What does a log link function do? ›

The log link exponentiates the linear predictors. It does not log transform the outcome variable. Where μ=predicted value of Y given X, exp(β0) = the effect on the mean of μ when X=0, and exp(β1)= the multiplicative effect on the mean of Y for a one-unit increase in X.

What is the link function in Jet Reports? ›

LINK gives users advanced filtering capabilities in Jet Essentials. Using LINK allows users to tie together information from different tables. LINK is available for all connector types.

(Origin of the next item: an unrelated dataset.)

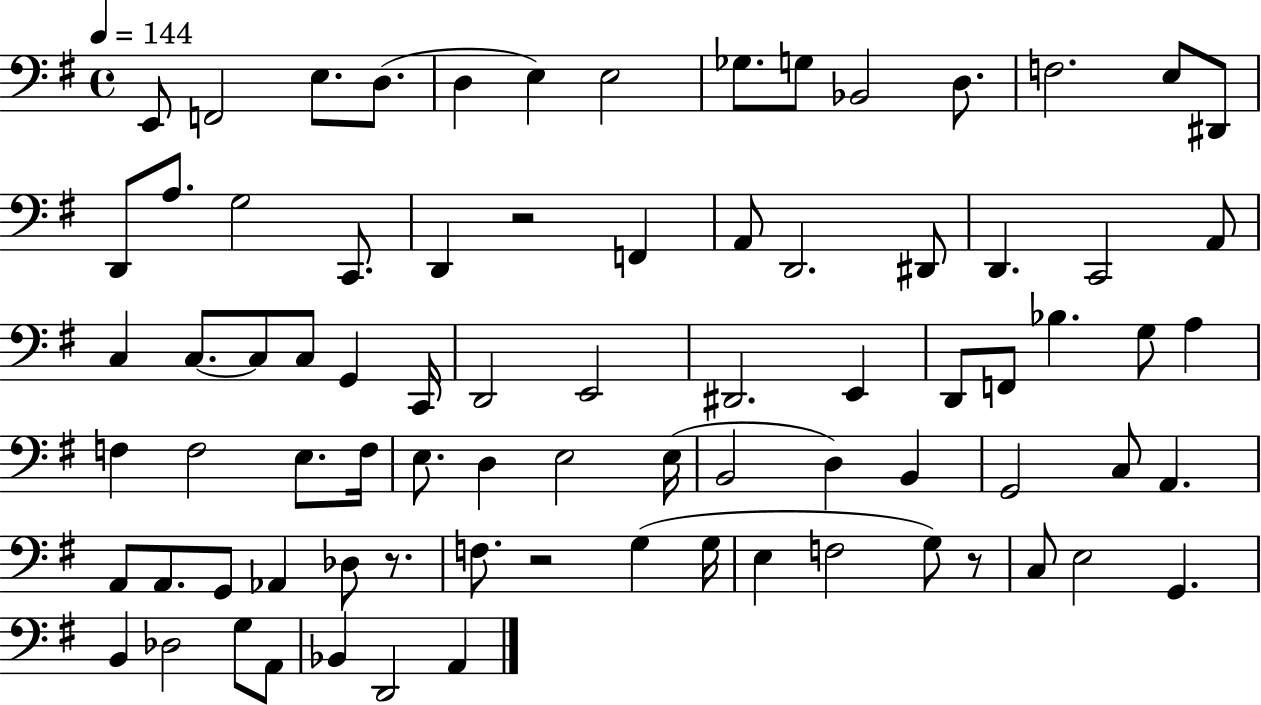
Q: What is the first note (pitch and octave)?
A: E2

What is the function of link in reinforcement? ›

The main function of links is to prevent the longitudinal bars from buckling or slipping out of position. This is achieved by connecting the bars in a way that ensures they are securely held in place, even under extreme loads or seismic activity.

Top Articles
Latest Posts
Article information

Author: Corie Satterfield

Last Updated:

Views: 6549

Rating: 4.1 / 5 (62 voted)

Reviews: 85% of readers found this page helpful

Author information

Name: Corie Satterfield

Birthday: 1992-08-19

Address: 850 Benjamin Bridge, Dickinsonchester, CO 68572-0542

Phone: +26813599986666

Job: Sales Manager

Hobby: Table tennis, Soapmaking, Flower arranging, amateur radio, Rock climbing, scrapbook, Horseback riding

Introduction: My name is Corie Satterfield, I am a fancy, perfect, spotless, quaint, fantastic, funny, lucky person who loves writing and wants to share my knowledge and understanding with you.